• **Exercise details**
Give the lines below again, exactly as they stand, and leave out the images.

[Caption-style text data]
________________________________________
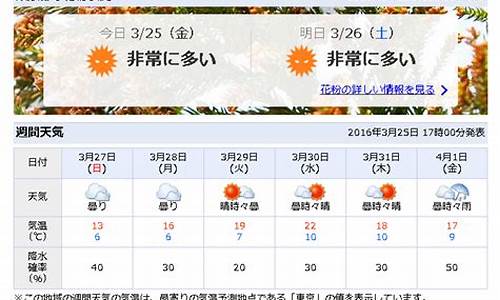 日本 天气_日本天气预报一周15天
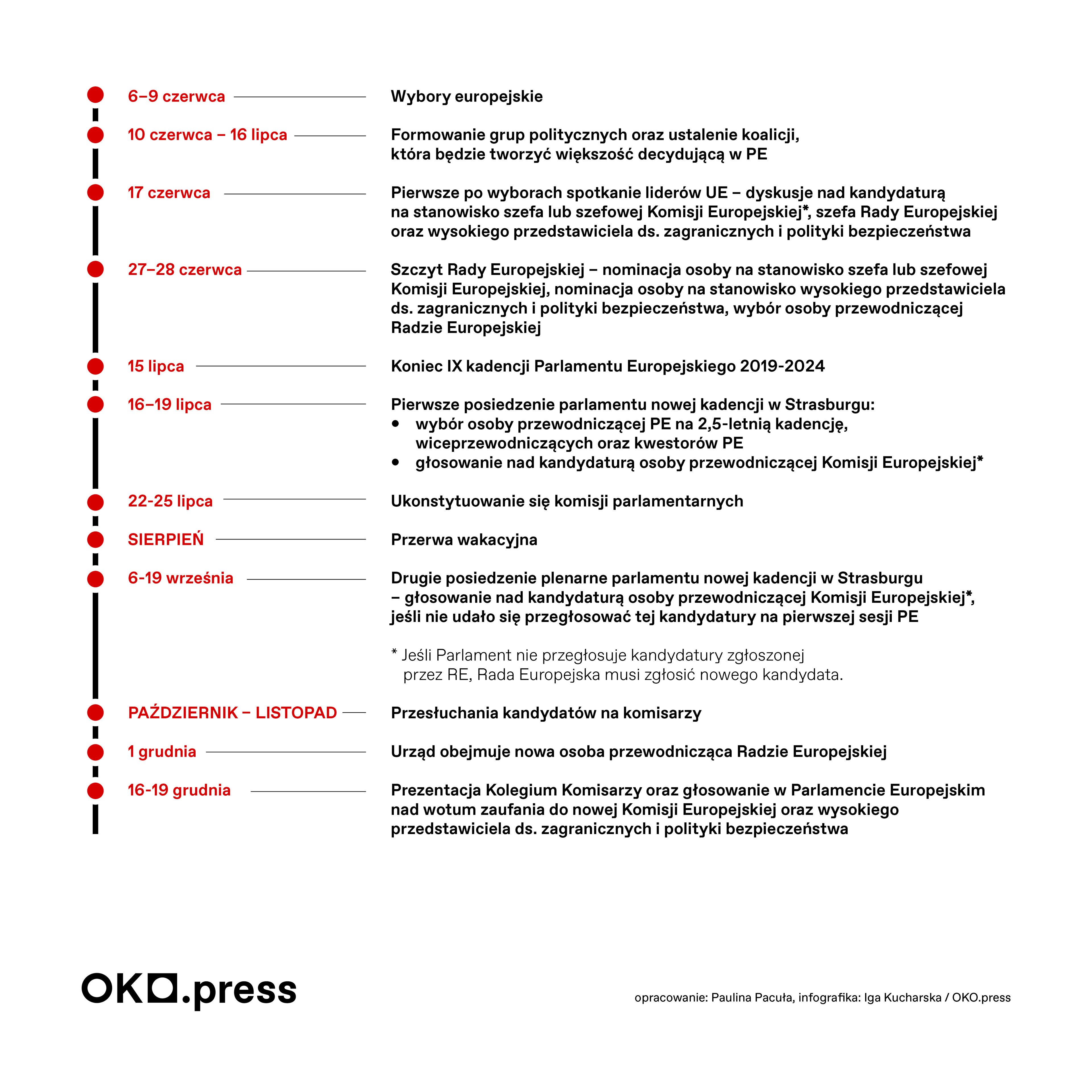 6–9 czerwca Wybory europejskie 10 czerwca – 16 lipca Formowanie grup politycznych oraz ustalenie koalicji, która będzie tworzyć większość decydującą w PE 17 czerwca Pierwsze po wyborach spotkanie liderów UE – dyskusje nad kandydaturą na stanowisko szefa lub szefowej Komisji Europejskiej*, szefa Rady Europejskiej oraz wysokiego przedstawiciela ds. zagranicznych i polityki bezpieczeństwa 27–28 czerwca Szczyt Rady Europejskiej – nominacja osoby na stanowisko szefa lub szefowej Komisji Europejskiej, nominacja osoby na stanowisko wysokiego przedstawiciela ds. zagranicznych i polityki bezpieczeństwa, wybór osoby przewodniczącej Radzie Europejskiej 15 lipca Koniec IX kadencji Parlamentu Europejskiego 2019-2024 16–19 lipca Pierwsze posiedzenie parlamentu nowej kadencji w Strasburgu: • wybór osoby przewodniczącej PE na 2,5-letnią kadencję, wiceprzewodniczących oraz kwestorów PE • głosowanie nad kandydaturą osoby przewodniczącej Komisji Europejskiej* * Jeśli Parlament nie przegłosuje kandydatury zgłoszonej przez RE, Rada Europejska musi zgłosić nowego kandydata. 22-25 lipca Ukonstytuowanie się komisji parlamentarnych Sierpień Przerwa wakacyjna 16-19 września Drugie posiedzenie plenarne parlamentu nowej kadencji w Strasburgu – głosowanie nad kandydaturą osoby przewodniczącej Komisji Europejskiej*, jeśli nie udało się przegłosować tej kandydatury na pierwszej sesji PE Październik – listopad Przesłuchania kandydatów na komisarzy 1 grudnia Urząd obejmuje nowa osoba przewodnicząca Radzie Europejskiej 16-19 grudnia Prezentacja Kolegium Komisarzy oraz głosowanie w Parlamencie Europejskim nad wotum zaufania do nowej Komisji Europejskiej oraz wysokiego przedstawiciela ds. zagranicznych i polityki bezpieczeństwa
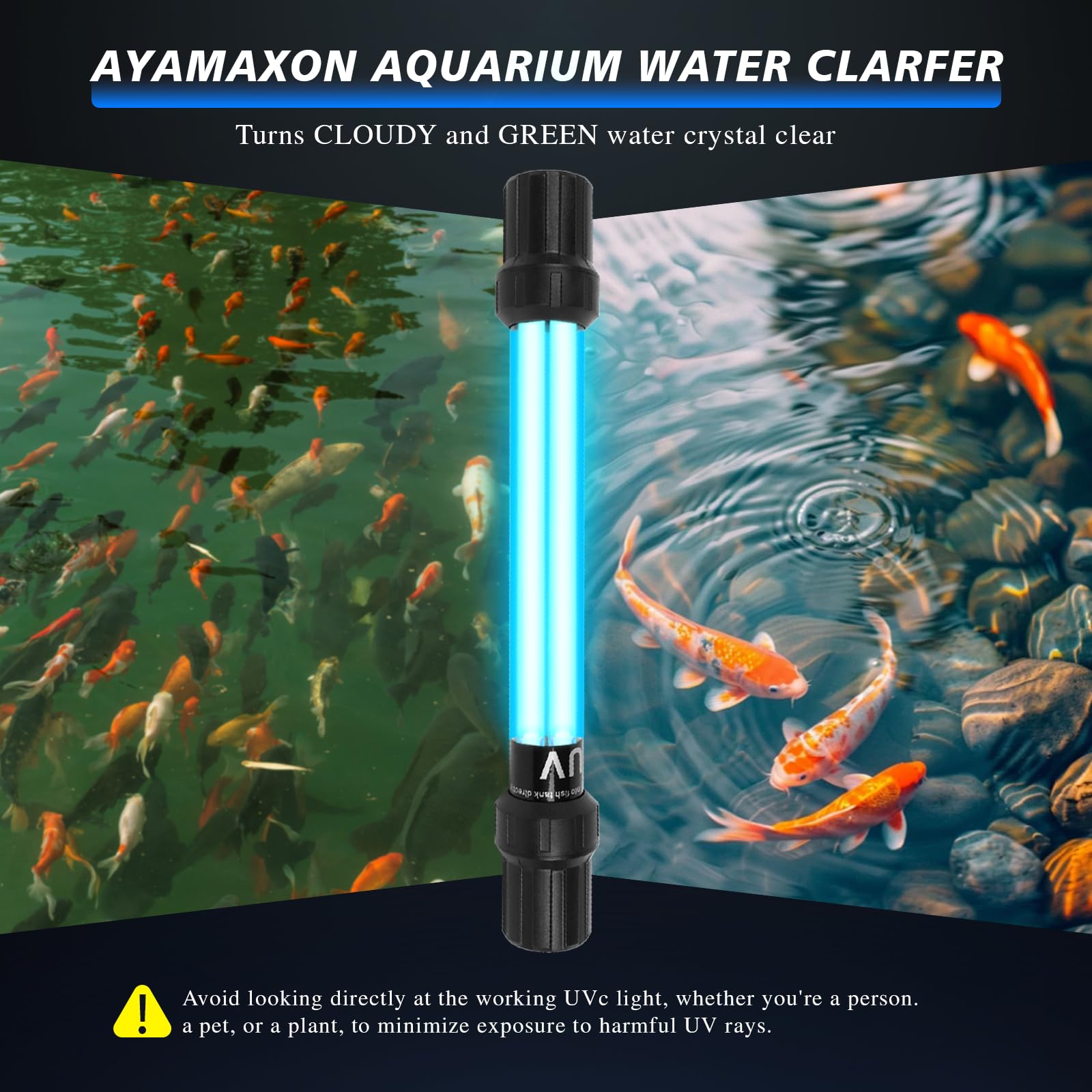 Luce UV sommergibile per acquario, 32 W, per acquario, luce UV, chiarificatore d'acqua per laghetto, piscina, vasca idromassaggio e tuffo freddo con controllo dell'acquario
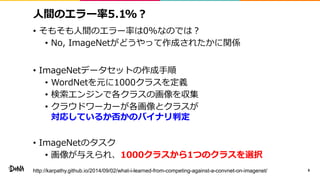 人間のエラー率5.1%？
• そもそも人間のエラー率は0%なのでは？
• No, ImageNetがどうやって作成されたかに関係
• ImageNetデータセットの作成手順
• WordNetを元に1000クラスを定義
• 検索エンジンで各クラスの画像を収集
• クラウドワーカーが各画像とクラスが
対応しているか否かのバイナリ判定
• ImageNetのタスク
• 画像が与えられ、1000クラスから1つのクラスを選択
8http://karpathy.github.io/2014/09/02/what-i-learned-from-competing-against-a-convnet-on-imagenet/
 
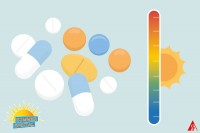 Illustrative Darstellung verschiedener Medikamenten wie Tabletten und Kapseln in Kombination mit einem Thermometer und einer Sonne.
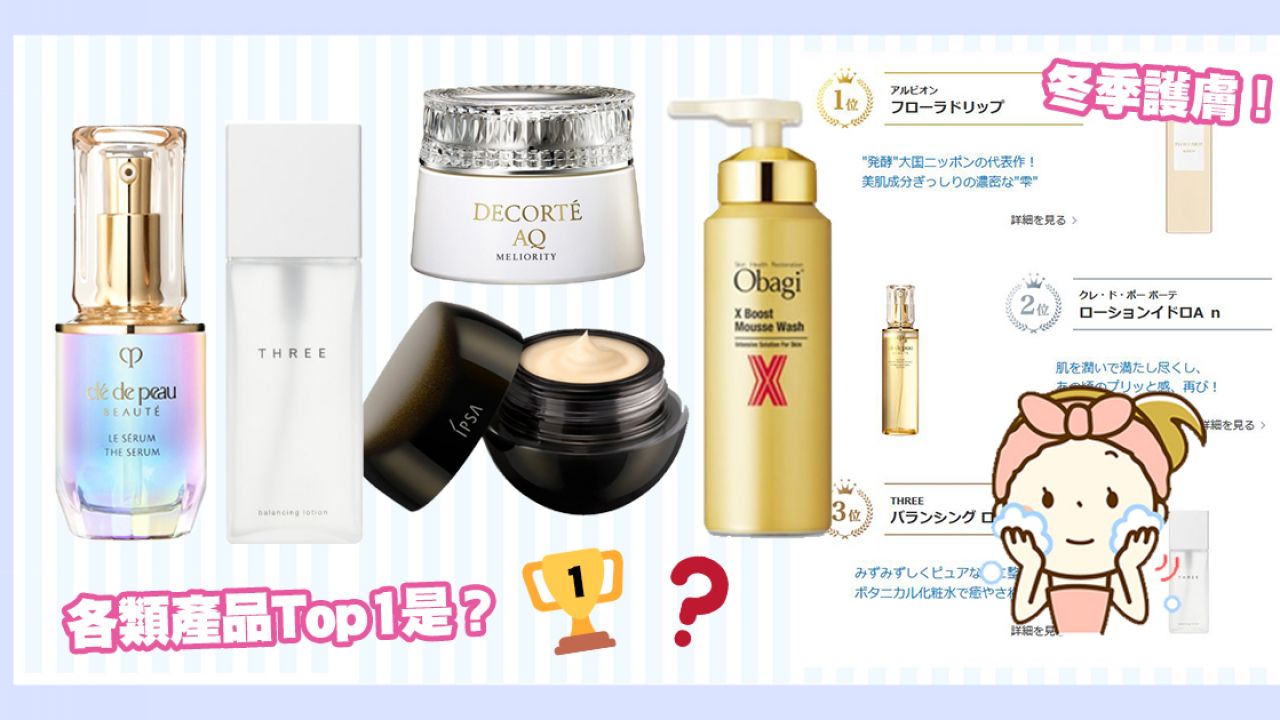 日本「2019下半年度人氣護膚品排行榜」！化妝水/乳液/面霜！5大類別冠軍榜單出爐！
________________________________________
• **Task answer**
 日本 天气_日本天气预报一周15天
 6–9 czerwca Wybory europejskie 10 czerwca – 16 lipca Formowanie grup politycznych oraz ustalenie koalicji, która będzie tworzyć większość decydującą w PE 17 czerwca Pierwsze po wyborach spotkanie liderów UE – dyskusje nad kandydaturą na stanowisko szefa lub szefowej Komisji Europejskiej*, szefa Rady Europejskiej oraz wysokiego przedstawiciela ds. zagranicznych i polityki bezpieczeństwa 27–28 czerwca Szczyt Rady Europejskiej – nominacja osoby na stanowisko szefa lub szefowej Komisji Europejskiej, nominacja osoby na stanowisko wysokiego przedstawiciela ds. zagranicznych i polityki bezpieczeństwa, wybór osoby przewodniczącej Radzie Europejskiej 15 lipca Koniec IX kadencji Parlamentu Europejskiego 2019-2024 16–19 lipca Pierwsze posiedzenie parlamentu nowej kadencji w Strasburgu: • wybór osoby przewodniczącej PE na 2,5-letnią kadencję, wiceprzewodniczących oraz kwestorów PE • głosowanie nad kandydaturą osoby przewodniczącej Komisji Europejskiej* * Jeśli Parlament nie przegłosuje kandydatury zgłoszonej przez RE, Rada Europejska musi zgłosić nowego kandydata. 22-25 lipca Ukonstytuowanie się komisji parlamentarnych Sierpień Przerwa wakacyjna 16-19 września Drugie posiedzenie plenarne parlamentu nowej kadencji w Strasburgu – głosowanie nad kandydaturą osoby przewodniczącej Komisji Europejskiej*, jeśli nie udało się przegłosować tej kandydatury na pierwszej sesji PE Październik – listopad Przesłuchania kandydatów na komisarzy 1 grudnia Urząd obejmuje nowa osoba przewodnicząca Radzie Europejskiej 16-19 grudnia Prezentacja Kolegium Komisarzy oraz głosowanie w Parlamencie Europejskim nad wotum zaufania do nowej Komisji Europejskiej oraz wysokiego przedstawiciela ds. zagranicznych i polityki bezpieczeństwa
 Luce UV sommergibile per acquario, 32 W, per acquario, luce UV, chiarificatore d'acqua per laghetto, piscina, vasca idromassaggio e tuffo freddo con controllo dell'acquario
 人間のエラー率5.1%？
• そもそも人間のエラー率は0%なのでは？
• No, ImageNetがどうやって作成されたかに関係
• ImageNetデータセットの作成手順
• WordNetを元に1000クラスを定義
• 検索エンジンで各クラスの画像を収集
• クラウドワーカーが各画像とクラスが
対応しているか否かのバイナリ判定
• ImageNetのタスク
• 画像が与えられ、1000クラスから1つのクラスを選択
8http://karpathy.github.io/2014/09/02/what-i-learned-from-competing-against-a-convnet-on-imagenet/
 
 Illustrative Darstellung verschiedener Medikamenten wie Tabletten und Kapseln in Kombination mit einem Thermometer und einer Sonne.
 日本「2019下半年度人氣護膚品排行榜」！化妝水/乳液/面霜！5大類別冠軍榜單出爐！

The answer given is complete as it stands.